Figure 3. West Nile virus causes a loss in hippocampal CA3 synaptic terminals in mice and humans.
a, Immunostaining and quantification of colocalized presynpatic and postsynaptic puncta using the markers synaptophysin and Homer1, respectively, at 7 dpi in wild-type mice (mock (n = 7) and WNV-NS5-E218A (n = 9) mice). Data are the mean of 2 staining experiments. b, Immunostaining and quantification of staining area for glutamatergic presynaptic marker, VGlut1, at 25 dpi in mock or WNV-NS5-E218A-recovered mice with good or poor spatial memory performance (mock (n = 3), WNV good (n = 5), and WNV poor (n = 3) mice). c, Immunostaining and quantification of synaptophysin+ area in acute WNV encephalitis patients with age- and sex-matched controls. d, CX3CR1–GFP heterozygous mice were immunostained for synaptophysin and GFP with arrowheads depicting colocalization. Images shown are representative of 3 mice per group. e, Synaptic terminal elimination at 7 dpi is absent in WNV-NS5-E218A-infected Il34−/− mice, which have reduced numbers of microglia. f, Immunostaining showing the number of colocalized synaptophysin, LAMP-1 (lysosomal marker), and IBA1 puncta per IBA1+ cell at 7, 25 and 52 dpi. g, Electron micrographs from mock or WNV-NS5-E218A-infected hippocampus at 7 dpi with immune-DAB enhancement of IBA1. An IBA1+ cell is shown surrounding a nearby synapse (right panels, boxed area, red arrowhead). Images shown are representative of 3 mice per group. All panels, ***P <0.001,**P < 0.01, *P< 0.05, NS, not significant, by two-tailed t-test. Error bars, s.e.m. Immunostaining, electron microscopy, and quantification performed within the hippocampal CA3 region. Scale bars, 10 μm unless otherwise noted.

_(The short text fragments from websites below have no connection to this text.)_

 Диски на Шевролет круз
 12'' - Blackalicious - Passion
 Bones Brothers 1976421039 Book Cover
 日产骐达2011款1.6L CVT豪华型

Acute post-mortem WNV neuroinvasive disease patient specimens similarly show reduced numbers of CA3 presynaptic terminals compared to age-matched patient controls (Fig. 3c and Supplementary Table 5). In 3 out of 5 WNV cases, WNV antigen was detected within the CA2/CA3 region, but absent from neighbouring regions (Supplementary Table 6 and Extended Data Fig. 4a). Hippocampal CA1 and entorhinal cortex in the human samples also displayed presynaptic terminal loss (Extended Data Fig. 4b, c). These data show that synaptic pathology is observed in areas without detectable viral antigen. Thus, WNV infection may alter synapse homeostasis both in affected and connected brain regions.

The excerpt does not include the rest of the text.